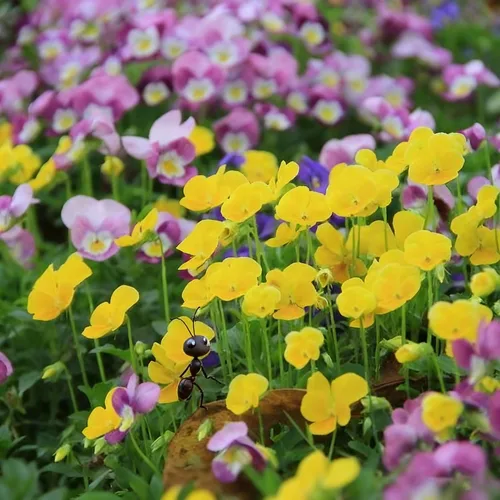 Miniatura 5 de Más de 200 semillas de pensamiento para plantar, semillas de flor de viola perenne de colores mixtos, semillas de pensamiento sin OMG para jardín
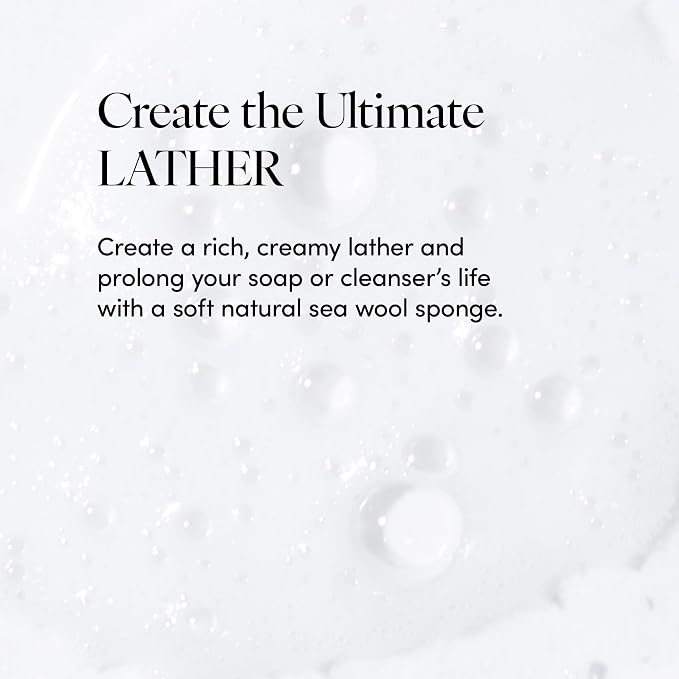 LATHER - Natural Sea Wool Sponge, 4-5" - Organic Exfoliating Body Scrubber - Soft, Gentle Cleansing - Hypoallergenic - All Skin Types - Florida Natural Loofah Sponge - Cruelty Free - Beauty & Skincare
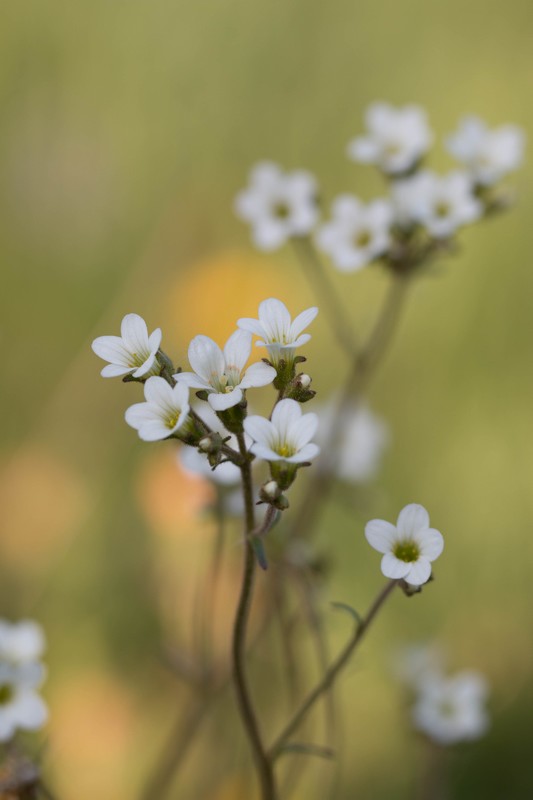 Saxifrage à bulbilles (Saxifraga granulata)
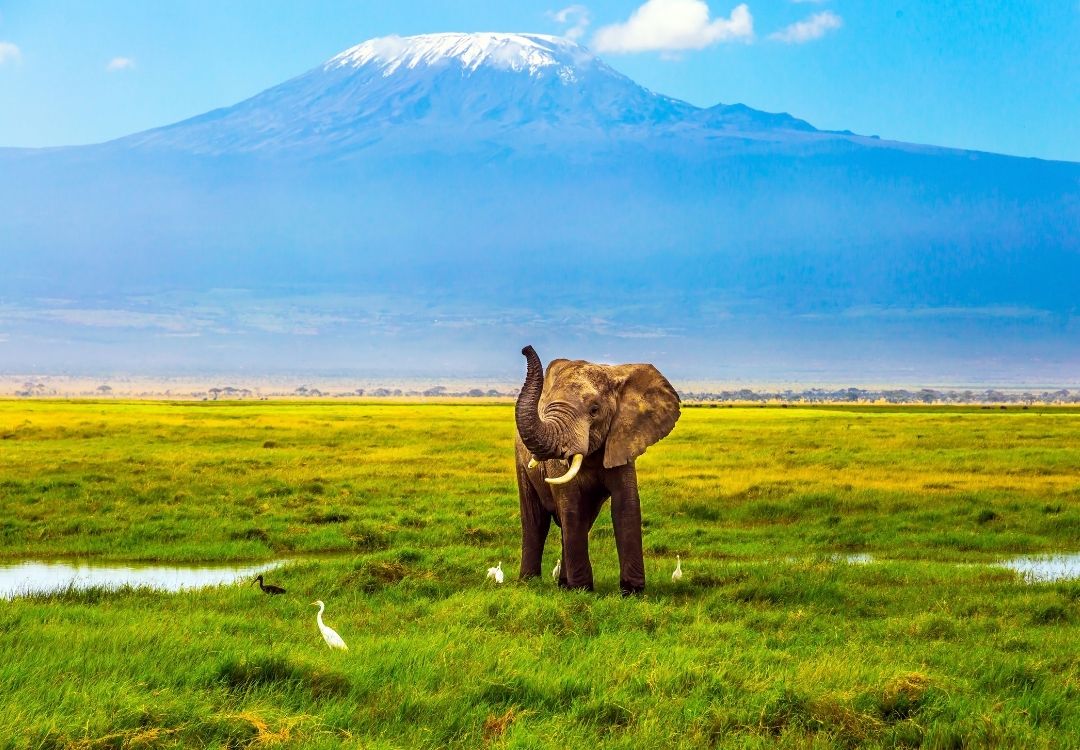 gold tourism tanzania(27)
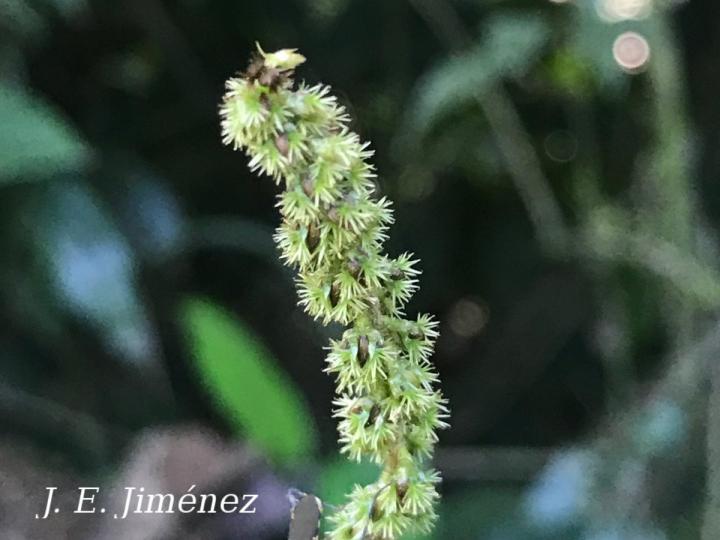 Cyathula prostrata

▬▬▬▬▬▬▬▬▬▬

▶ _Activity_
The answer must be the listing above, restated word for word, with no images in it.

▶ _Exercise solution_
 Miniatura 5 de Más de 200 semillas de pensamiento para plantar, semillas de flor de viola perenne de colores mixtos, semillas de pensamiento sin OMG para jardín
 LATHER - Natural Sea Wool Sponge, 4-5" - Organic Exfoliating Body Scrubber - Soft, Gentle Cleansing - Hypoallergenic - All Skin Types - Florida Natural Loofah Sponge - Cruelty Free - Beauty & Skincare
 Saxifrage à bulbilles (Saxifraga granulata)
 gold tourism tanzania(27)
 Cyathula prostrata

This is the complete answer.